[WORK TASK] Without pictures, repeat exactly the lines from the one containing "NoBell' Kobell Cropped Sweater Roze" through the end of the entries.

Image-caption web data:
━━━━━━━━━━━━━━━━
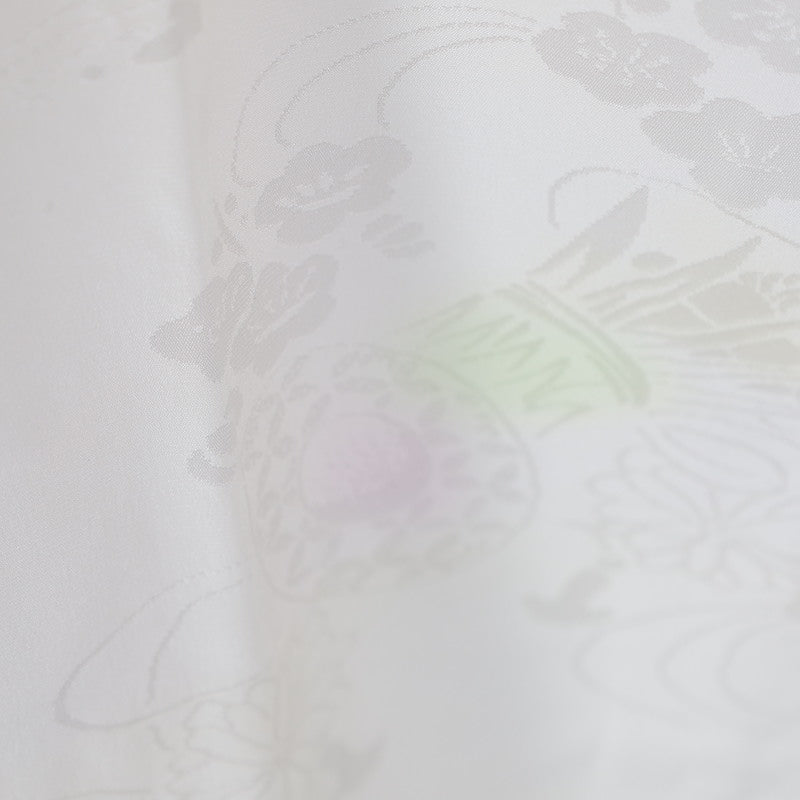 Wear under the kimono undershirt(Nagazyuban) M-size silk / C74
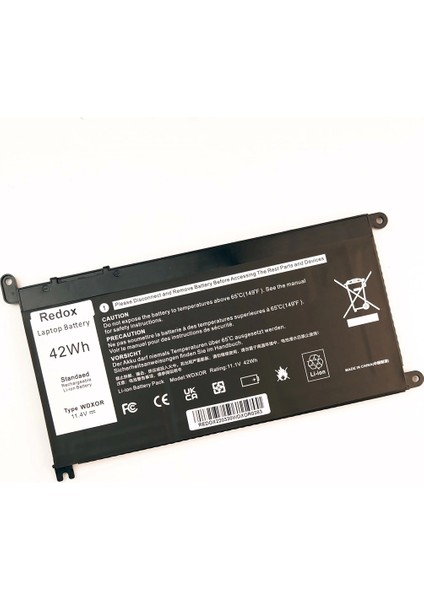 Dell Inspiron 3490 Notebook Batarya Pil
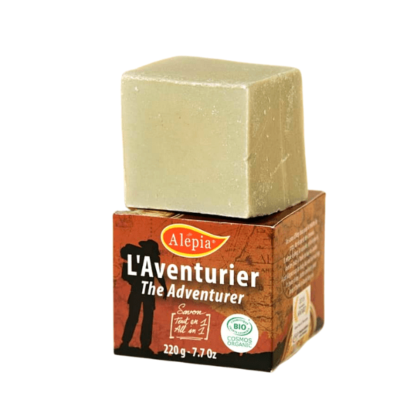 Savon Bio l'Aventurier multi-usage - Alépia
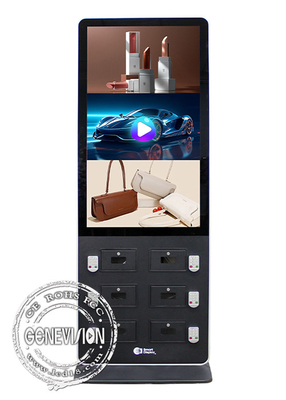 49 ιντσών Android Κιόσκι Εικονικής Εικόνας με έξι ντουλάπια φόρτισης έξυπνων τηλεφώνων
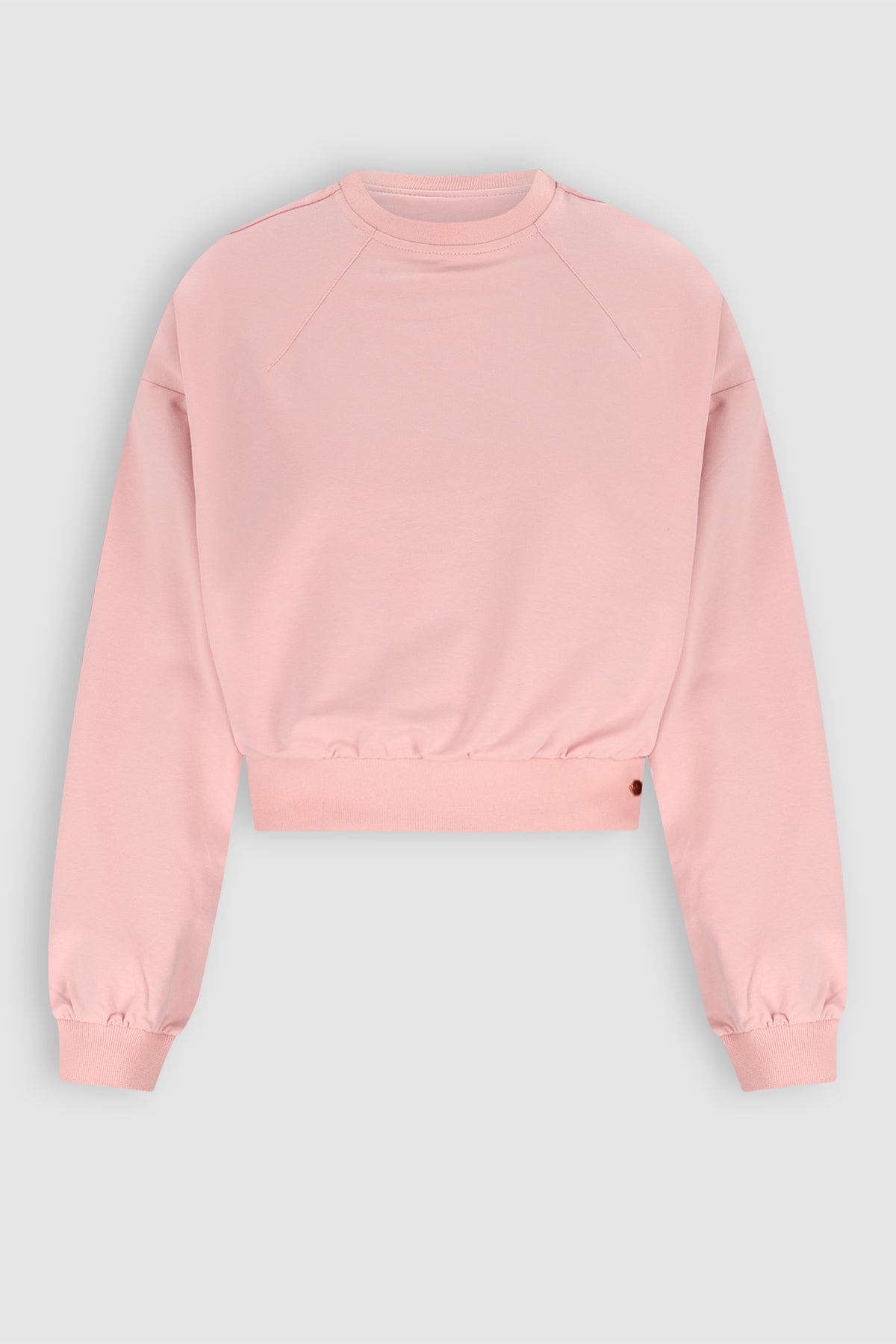 NoBell' Kobell Cropped Sweater Roze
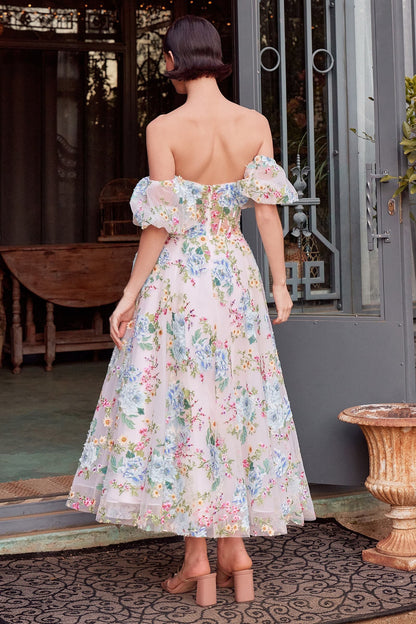 Ivory Echo Dress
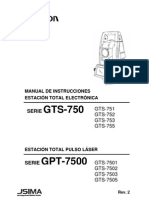 Manual Español - GPT-7500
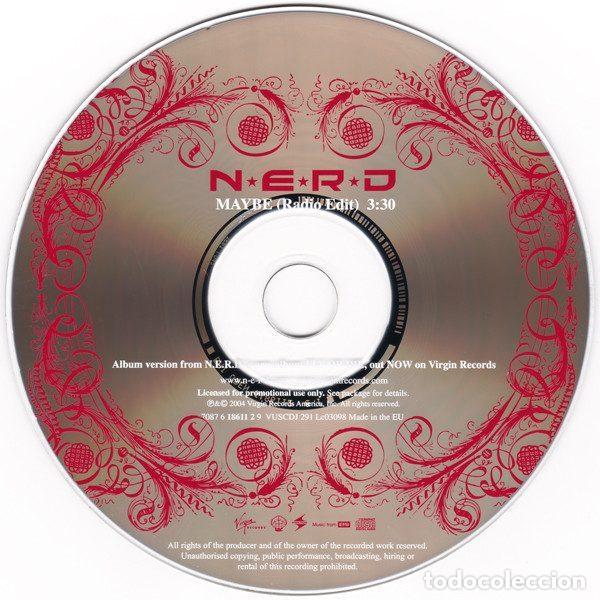 CDs de m&uacute;sica: N*E*R*D &ndash; Maybe (CD, Virgin 7087 6 18611 2 9) - Foto 3
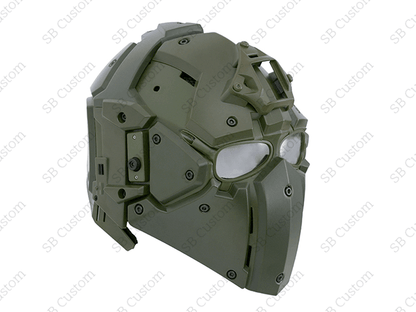 FUTURE WARRIOR Mask 3D OD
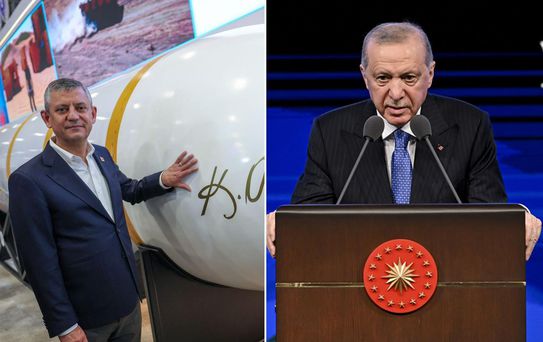 Cumhurbaşkanı Erdoğan'dan Özgür Özel'in SAHA 2026 ziyaretine gönderme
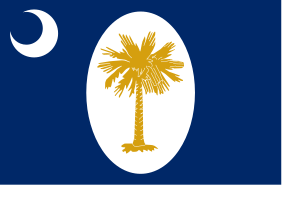 Flag of South Carolina (January 1861)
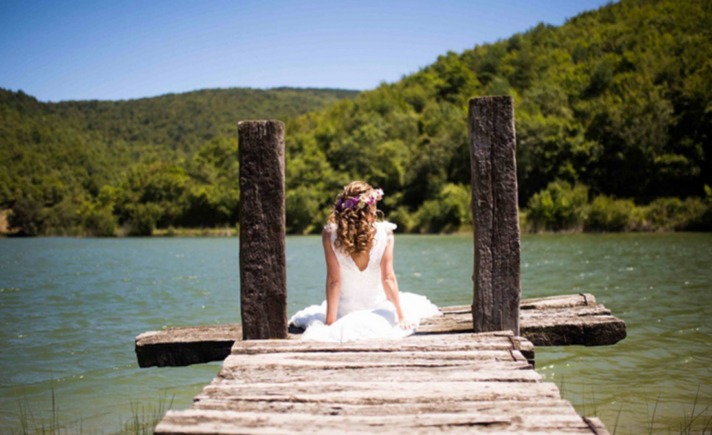 Tu boda en un lago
━━━━━━━━━━━━━━━━
[FINISHED TASK]
 NoBell' Kobell Cropped Sweater Roze
 Ivory Echo Dress
 Manual Español - GPT-7500
 CDs de m&uacute;sica: N*E*R*D &ndash; Maybe (CD, Virgin 7087 6 18611 2 9) - Foto 3
 FUTURE WARRIOR Mask 3D OD
 Cumhurbaşkanı Erdoğan'dan Özgür Özel'in SAHA 2026 ziyaretine gönderme
 Flag of South Carolina (January 1861)
 Tu boda en un lago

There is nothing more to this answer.